Before the start the Press reported breathlessly on the Australians' noisy arrival in town, full of "We'll thrash the Poms" bravado. The chair of the Australian Olympic Committee was given multiple reminders of his infamous comment in Beijing, that Britain is a nation with few pools and not much soap. It was hardly original, but it hasn't been forgotten.
Then the Aussies disappeared as the Brits ignored them and gathered up cascades of gold. Worse, the Brits even drew admiration for their failure to gloat, although they couldn't resist a few digs at their French neighbours.
Luckily, after a week, the young Australian team burst through with brilliance, rescuing the reputation and climbing in the rankings - ahead (phew!) of New Zealand but not of Yorkshire or Kazakhstan.
After sitting up for several nights watching replays and reflections from the good, the bad and the ugly, I found the games a moving evocation of hope in globalisation and teamwork. The individual superstars were revered but mainly modest. The teams were deeply impressive in their camaraderie, collegiality and consequent sustainability.
As in most spheres of life, much was made of the rankings. The medal count metrics are impossible to dispute. Individual sports from jumping to judo get gold, silver and bronze. Nations quake as the slot machines crank and the daily linear listing is launched.
Alongside the metrics is the competitiveness. Specialist teams dissect the anatomy, physiology, capacity and mentality of the athletes, with special trainers for each facet.
The international university rankings that are published each year are more ambiguous. Small, sharp universities with few disciplines are pitted against massive behemoths. Battleships are ranked with ballet dancers. Plato is ranked with Confucius.

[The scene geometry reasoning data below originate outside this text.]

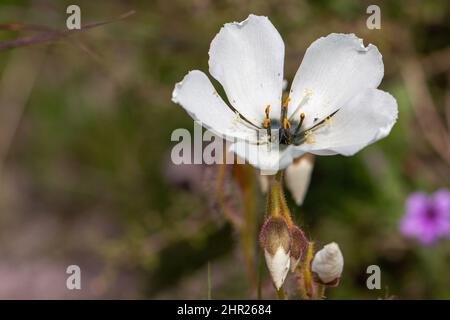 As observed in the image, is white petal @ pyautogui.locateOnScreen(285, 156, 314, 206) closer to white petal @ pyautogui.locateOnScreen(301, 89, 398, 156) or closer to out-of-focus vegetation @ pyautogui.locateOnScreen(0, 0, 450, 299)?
white petal @ pyautogui.locateOnScreen(301, 89, 398, 156)

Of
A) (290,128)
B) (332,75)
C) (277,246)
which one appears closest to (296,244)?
(277,246)

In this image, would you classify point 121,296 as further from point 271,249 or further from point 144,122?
point 271,249

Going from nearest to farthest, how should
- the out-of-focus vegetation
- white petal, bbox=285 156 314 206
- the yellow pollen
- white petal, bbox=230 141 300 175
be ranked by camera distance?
1. white petal, bbox=230 141 300 175
2. the yellow pollen
3. white petal, bbox=285 156 314 206
4. the out-of-focus vegetation

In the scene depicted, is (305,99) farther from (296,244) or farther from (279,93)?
(296,244)

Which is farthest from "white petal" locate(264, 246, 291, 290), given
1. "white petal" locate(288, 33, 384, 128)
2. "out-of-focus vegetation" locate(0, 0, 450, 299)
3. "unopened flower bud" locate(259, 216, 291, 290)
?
"out-of-focus vegetation" locate(0, 0, 450, 299)

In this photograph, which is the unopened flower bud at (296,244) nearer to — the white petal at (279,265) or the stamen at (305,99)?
the white petal at (279,265)

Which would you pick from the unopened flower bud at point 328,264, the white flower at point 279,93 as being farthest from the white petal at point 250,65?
the unopened flower bud at point 328,264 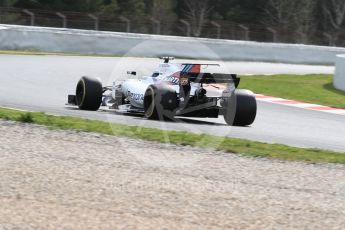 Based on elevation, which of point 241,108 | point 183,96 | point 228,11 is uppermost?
point 228,11

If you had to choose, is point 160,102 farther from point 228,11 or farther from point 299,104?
point 228,11

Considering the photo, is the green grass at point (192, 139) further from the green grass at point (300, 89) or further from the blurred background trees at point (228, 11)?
the blurred background trees at point (228, 11)

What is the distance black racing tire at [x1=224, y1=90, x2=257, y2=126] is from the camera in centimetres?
1144

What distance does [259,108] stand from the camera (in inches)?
590

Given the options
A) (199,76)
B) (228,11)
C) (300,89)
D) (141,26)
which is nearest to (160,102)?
(199,76)

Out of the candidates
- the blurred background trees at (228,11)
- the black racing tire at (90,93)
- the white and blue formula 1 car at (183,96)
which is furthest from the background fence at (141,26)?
the white and blue formula 1 car at (183,96)

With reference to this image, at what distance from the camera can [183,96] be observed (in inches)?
447

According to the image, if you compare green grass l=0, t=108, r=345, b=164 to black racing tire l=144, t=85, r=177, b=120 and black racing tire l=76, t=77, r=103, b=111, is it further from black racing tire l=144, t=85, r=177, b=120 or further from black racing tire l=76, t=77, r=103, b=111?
black racing tire l=76, t=77, r=103, b=111

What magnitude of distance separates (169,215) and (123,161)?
230 cm

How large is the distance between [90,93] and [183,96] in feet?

The rankings games have resulted in an unseemly encouragement to uniformity in meeting externally imposed criteria. Universities have joined in and even pay the rankers for the pleasure of being drawn and quartered. Many try to exploit the rules, including some who rent redundant or retired Nobels for the extra rankings points they carry in their baggage.
While the rankings are becoming more informed and intelligent and will continue to do so, their growing impact is of concern. This is especially so when the core elements and values of autonomy, enquiry, diversity and quality are sacrificed for rankings roulette and greed. Governments, academies, parents and students all watch the rankings. Follow the money.

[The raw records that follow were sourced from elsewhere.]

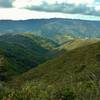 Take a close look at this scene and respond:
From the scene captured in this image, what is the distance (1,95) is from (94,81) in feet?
233

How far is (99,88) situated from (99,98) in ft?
19.9

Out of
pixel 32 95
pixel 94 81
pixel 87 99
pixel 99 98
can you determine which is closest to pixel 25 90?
pixel 32 95

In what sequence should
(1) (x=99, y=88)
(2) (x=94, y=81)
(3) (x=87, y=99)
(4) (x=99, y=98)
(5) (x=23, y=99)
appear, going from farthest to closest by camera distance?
(5) (x=23, y=99) → (3) (x=87, y=99) → (4) (x=99, y=98) → (1) (x=99, y=88) → (2) (x=94, y=81)

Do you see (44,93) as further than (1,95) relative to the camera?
No

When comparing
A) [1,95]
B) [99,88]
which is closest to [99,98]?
[99,88]

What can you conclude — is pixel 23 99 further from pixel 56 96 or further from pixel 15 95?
pixel 56 96

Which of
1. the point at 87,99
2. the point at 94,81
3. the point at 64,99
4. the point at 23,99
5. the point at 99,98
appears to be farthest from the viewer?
the point at 64,99

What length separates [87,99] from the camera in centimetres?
5991

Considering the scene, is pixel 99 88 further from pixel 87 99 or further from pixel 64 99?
pixel 64 99

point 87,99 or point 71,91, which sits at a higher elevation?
point 87,99

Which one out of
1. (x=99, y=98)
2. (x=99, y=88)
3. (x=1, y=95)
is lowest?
(x=1, y=95)

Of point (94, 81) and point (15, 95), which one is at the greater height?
point (94, 81)

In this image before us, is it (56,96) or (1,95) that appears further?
(1,95)

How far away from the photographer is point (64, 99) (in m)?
103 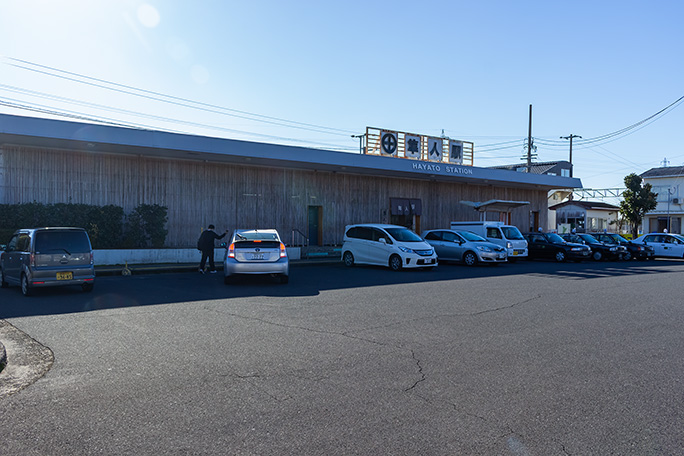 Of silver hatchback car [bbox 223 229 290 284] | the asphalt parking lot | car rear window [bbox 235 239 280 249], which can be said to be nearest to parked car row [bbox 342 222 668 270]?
silver hatchback car [bbox 223 229 290 284]

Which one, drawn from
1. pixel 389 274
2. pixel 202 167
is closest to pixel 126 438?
pixel 389 274

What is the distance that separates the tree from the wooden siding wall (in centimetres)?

It is a brave university vice-chancellor who can ignore the rankings to build brilliance, although the two are not always incompatible. There is also a risk that universities in emerging economies walk in the footsteps of the gods but lose their souls.
I suggest that the answers are in the risks. It is teamwork time for learning and its application to global challenges. Universities must work together across national, cultural and developmental divides. As London swings us toward international hope and a wellspring of harmony and goodwill, it begs a key question: Can we use academic diplomacy and opportunity to build lasting bridges and to learn from each other?